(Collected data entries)
◆ ◆ ◆ ◆ ◆ ◆ ◆

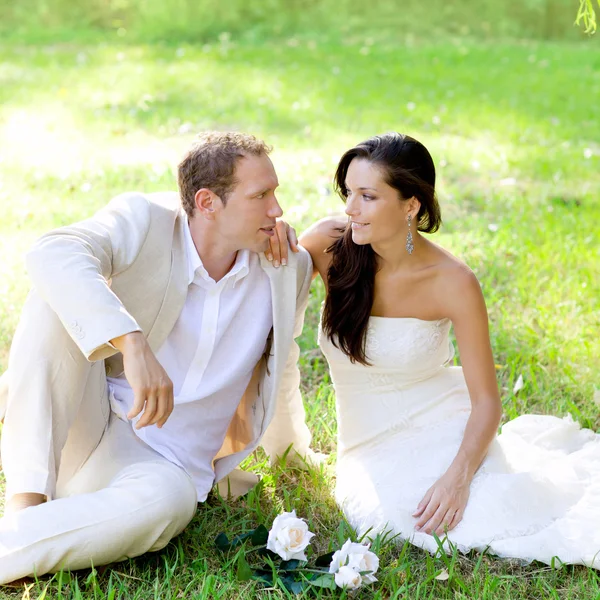 Casal acaba de se casar sentado na grama do parque — Fotografia de Stock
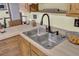 Traditional kitchen with stainless steel sink, wooden cabinets, and neutral countertops at 522 W Butternut Rd, Summerville, SC 29483
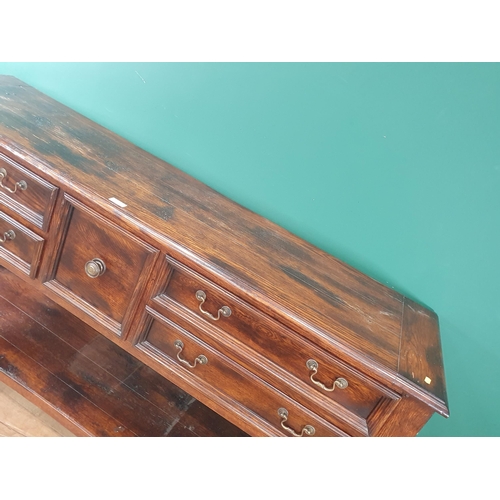 523 - A large modern oak Sideboard fitted five Drawers with open tier underneath raised on twisted support... 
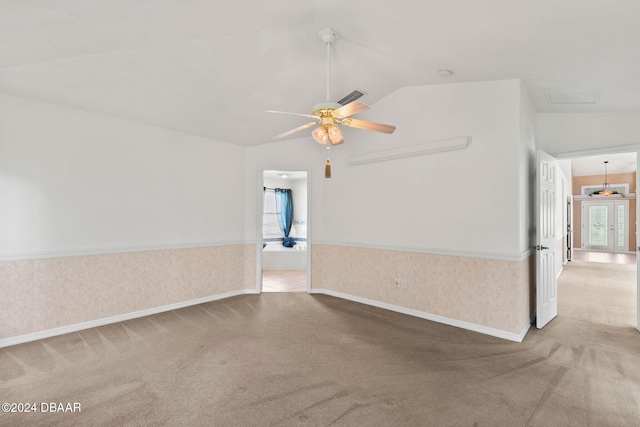 empty room featuring ceiling fan, a wealth of natural light, light colored carpet, and vaulted ceiling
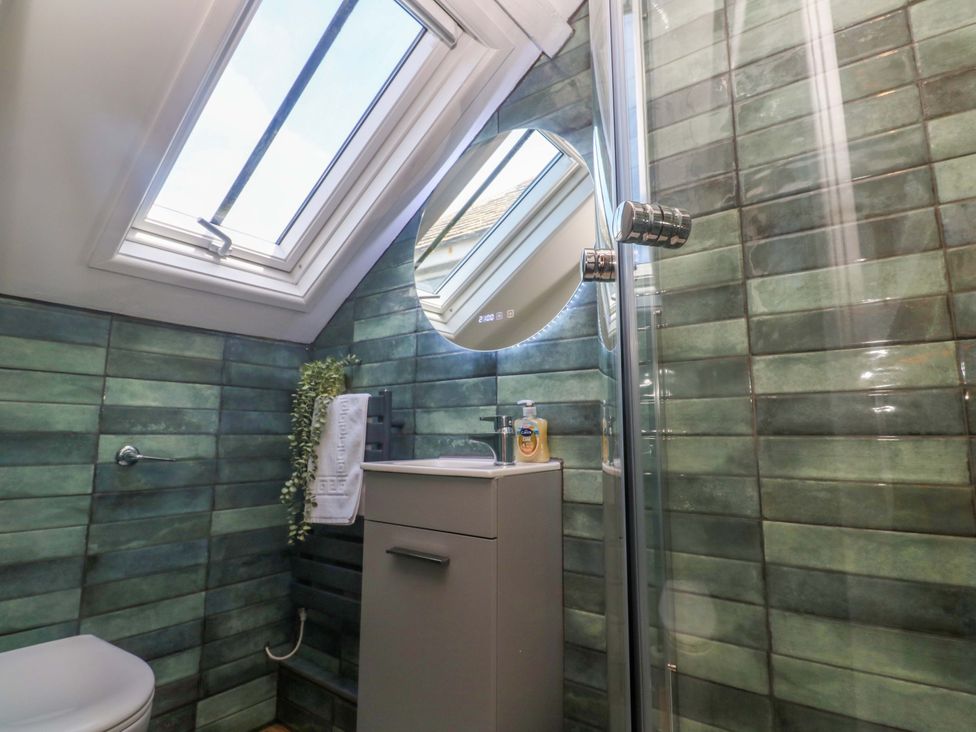 A bathroom with a shower, sink, and a toilet at Seagulls Nest in St Ives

◆ ◆ ◆ ◆ ◆ ◆ ◆

__About this exercise__:
Lines from the one holding "Traditional kitchen with" to the end of the data, both ends included, are to be given again exactly; no pictures belong in the copy.

__Response for this exercise__:
 Traditional kitchen with stainless steel sink, wooden cabinets, and neutral countertops at 522 W Butternut Rd, Summerville, SC 29483
 523 - A large modern oak Sideboard fitted five Drawers with open tier underneath raised on twisted support... 
 empty room featuring ceiling fan, a wealth of natural light, light colored carpet, and vaulted ceiling
 A bathroom with a shower, sink, and a toilet at Seagulls Nest in St Ives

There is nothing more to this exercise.